EXERCISE DATA:
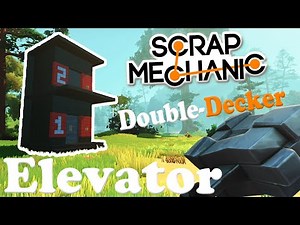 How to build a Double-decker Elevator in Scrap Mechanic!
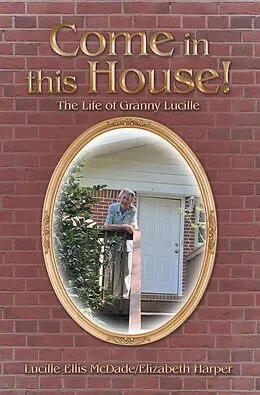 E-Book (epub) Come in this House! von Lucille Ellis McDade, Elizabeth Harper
--
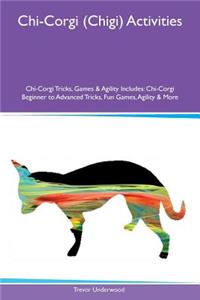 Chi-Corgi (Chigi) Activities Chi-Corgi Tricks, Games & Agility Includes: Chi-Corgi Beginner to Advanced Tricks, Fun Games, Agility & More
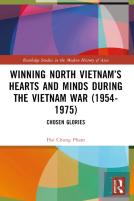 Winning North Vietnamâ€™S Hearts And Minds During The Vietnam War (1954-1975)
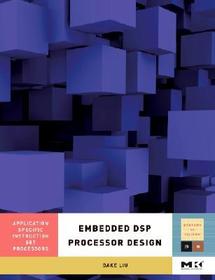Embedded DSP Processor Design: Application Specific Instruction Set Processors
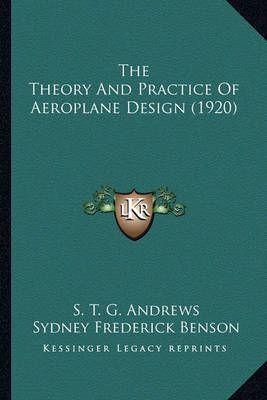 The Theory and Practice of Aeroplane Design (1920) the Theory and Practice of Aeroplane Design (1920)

WHAT TO DO:
I'd like the lines above repeated exactly, from the one that contains "How to build" through the one that contains "E-Book (epub) Come", with no pictures.

OUTPUT BELOW:
 How to build a Double-decker Elevator in Scrap Mechanic!
 E-Book (epub) Come in this House! von Lucille Ellis McDade, Elizabeth Harper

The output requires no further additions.